Es passiert wenig in diesem Film. Höhepunkt ist seine mexikanische Songeinlage. 

Es passiert wenig in diesem Film. Lucky macht morgens ein bisschen Yoga, hört Mariachimusik, wäscht sich, trinkt seinen Eiskaffee und geht erst einmal in den Diner. Wo er ein wenig plaudert und Kreuzworträtsel löst. Wieder Zuhause guckt er Gameshows ohne Ton, führt philosophische Telefongespräche, spielt auf der Mundharmonika.

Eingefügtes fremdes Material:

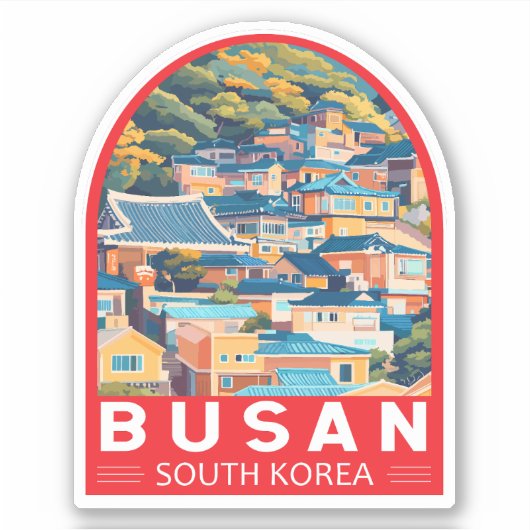 Busan Südkorea Reisemarkt Aufkleber (Vorderseite)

Und abends in der Bar schlürft er einen Bloody Mary und diskutiert mit den anderen Gästen über eine ihrem Herrchen (David Lynch) entlaufene Schildkröte. Eine Geschichte, wie sie absurder nicht sein könnte.

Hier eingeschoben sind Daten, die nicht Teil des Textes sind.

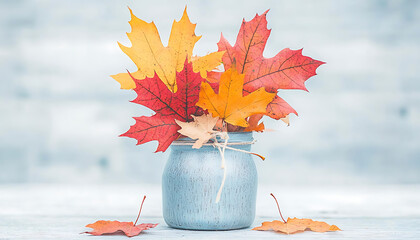 Autumn leaves in blue jar.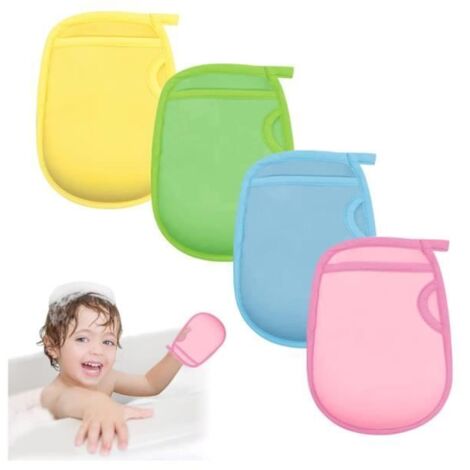 Gants de Bain exfoliants - 4 Pièces - Blanc - Adulte (1/4)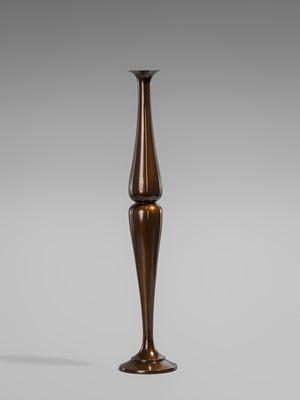 Lot 1545 - NORIO ASANO: A SLENDER BRONZE SINGLE FLOWER VASE
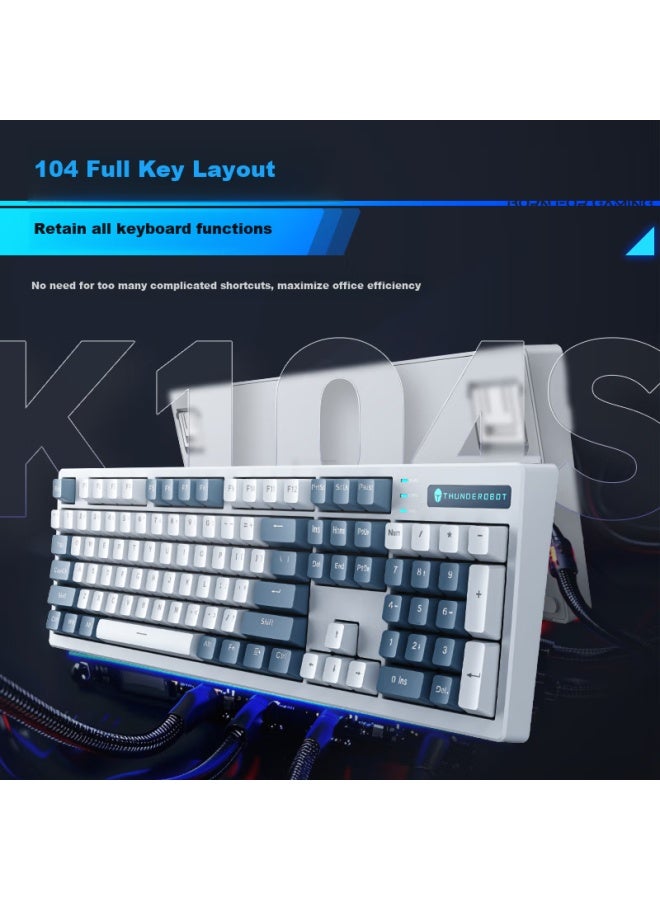 Thunderobot K104s Wired Mechanical Keyboard With Backlit Keys For Computer Gaming Notebook Office Full Key No Conflict Black Red Switch - Image 1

Der Eigenbrötler liebt es, mit Cowboyhut allein durch die verlorene Gegend zu streifen, seinen Kaktus in Feinripp-Unterwäsche zu wässern, mit der Supermarktbesitzerin ein wenig zu ratschen. Höhepunkt ist seine mexikanische Songeinlage auf einem Geburtstagsfest, die Ballade "Volver, Volver".

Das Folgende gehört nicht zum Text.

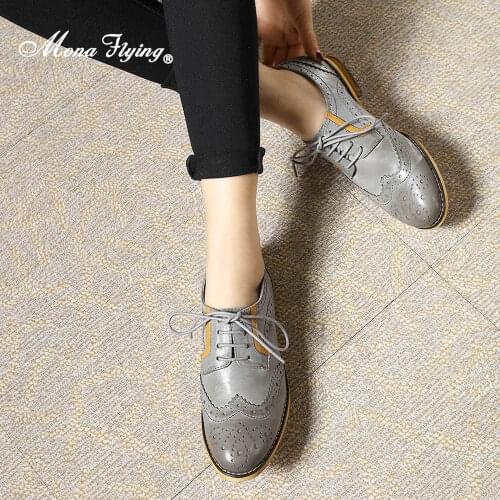 Mona Flying Women Premium Leather Oxfords Shoes Hand-made Dress Lace-up Block Wingtips for Ladies Girls 2021 New FLX18-20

 Da ahnt man Wehmut und nie erfüllte Sehnsucht, ein Mann, der trotz Alltäglichkeit ein Geheimnis in sich trägt und sich mit dem Leben versöhnt. Ein berührender Moment, in dem Lucky nicht mehr allein ist, sondern Teil einer Gemeinschaft.

Schauspieler John Carroll Lynch hat in seinem Regiedebüt die bärbeißige aber herzensgute Titelfigur Harry Dean Stanton mit seinem darstellerischen Minimalismus 100 prozentig auf den Leib geschrieben, eine Hommage und ein bewegendes Adieu an diesen einzigartigen Schauspieler, der seit den 1950er Jahren in mehr als 200 Filmen mitspielte, unvergesslich seine Rolle als Travis in Wim Wenders‘ Meisterwerk "Paris, Texas". Einer, der immer das andere Amerika verkörperte, das Amerika der Säufer und Kiffer, Cowboys, Poeten und Einzelgänger. Einer, der seine Verletzlichkeit kaschierte und in die Illusion von Unabhängigkeit flüchtete.

Harry Dean Stanton starb kurz nach den Dreharbeiten 

Harry Dean Stanton starb am 15. September 2017 im Alter von 91 Jahren. Eine unvergessliche Kultfigur. David Lynch, der Stanton in vielen seiner Produktionen besetzte, darunter in "Wild at Heart", "Inland Empire" und "Twin Peaks", spricht wohl uns allen aus der Seele, wenn er sagt: "You are really going to be missed, Harry Dean!".